Theron Denson is the world’s only African-American Neil Diamond impersonator.

By Edward McClelland
May 18, 2007

“IT HAS TO be amazing,” Theron Denson says, “to walk around the earth and be Neil Diamond. He’s just very loved and has legions of fans. Girls must be approaching him all the time.”

It’s pretty unusual for someone’s rock-star fantasy to involve being a 66-year-old man with graying hair and a closet full of figure-skating shirts. But Denson thinks about Neil Diamond all the time. Ever since he was a kid, people have been telling him that his voice sounds like the famous singer’s. Now 43, he’s been making a living for the last seven years as the Black Diamond, the world’s only African-American Neil Diamond impersonator, playing places like the Monaco Bay nightclub in Kalamazoo, where tonight he’s the star of Ultimate Ladies’ Night.
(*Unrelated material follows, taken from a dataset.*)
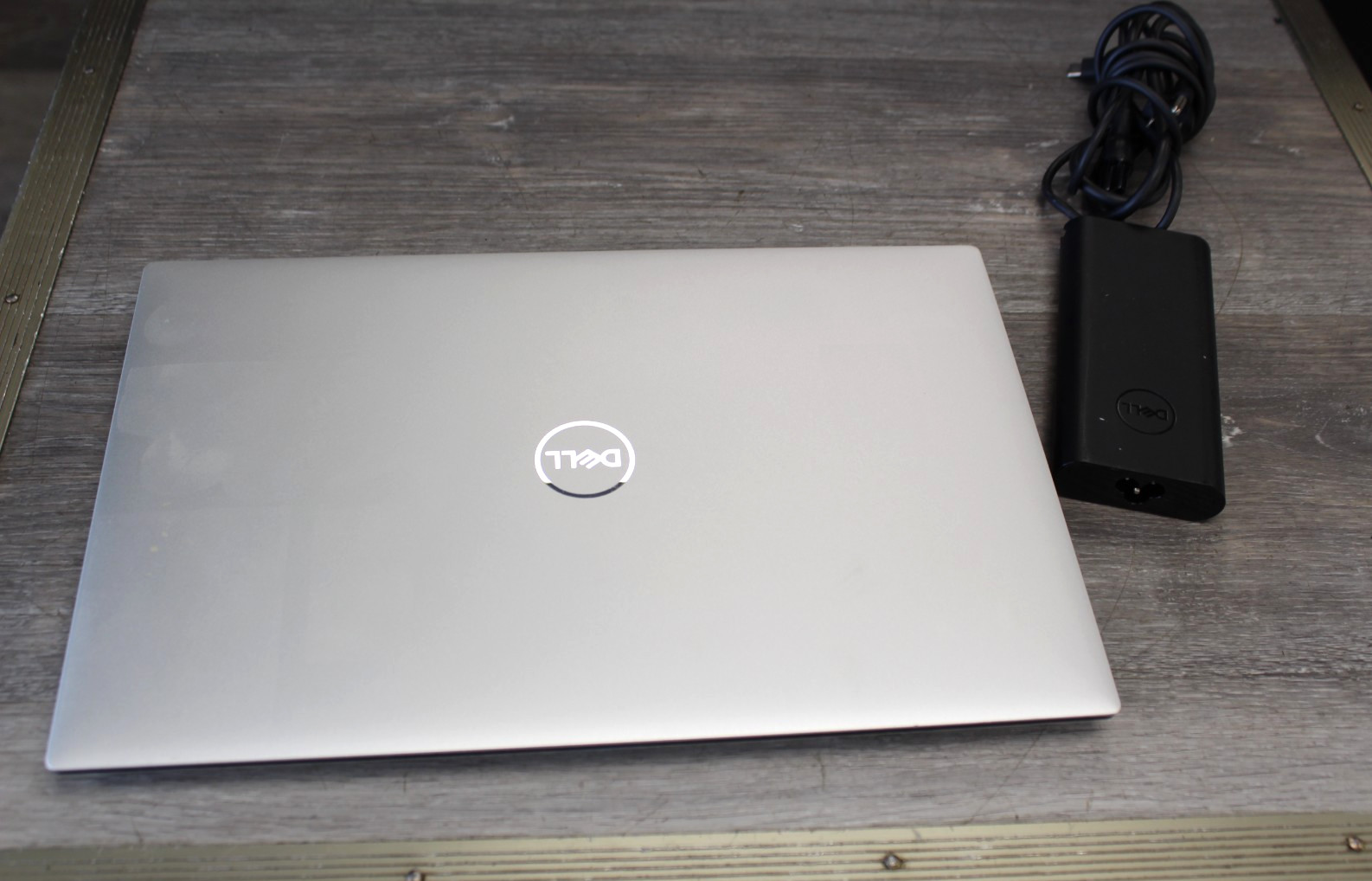 Dell XPS 15 9500 15.6″ Core i7-10750H 32GB 1TB SSD GTX 1650 Ti Win 11 Laptop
At the bottom of a flight of steep metal stairs, in Monaco Bay’s basement bathroom, Denson is getting into wardrobe: a shirt, open to the sternum, glittering with hundreds of sequins. “I have a woman make these for me,” he says. “It costs $200. I’m sure Neil’s shirts cost $2,000.”

The bar upstairs has been transformed into a spa. Some women are flopped on massage tables; others are having their nails lacquered. As Denson makes his way across the floor, the house manager grabs the microphone. “Ladies, I need you to do a countdown,” he says. “The Black Diamond in five, four, three, two, one—make some noise!”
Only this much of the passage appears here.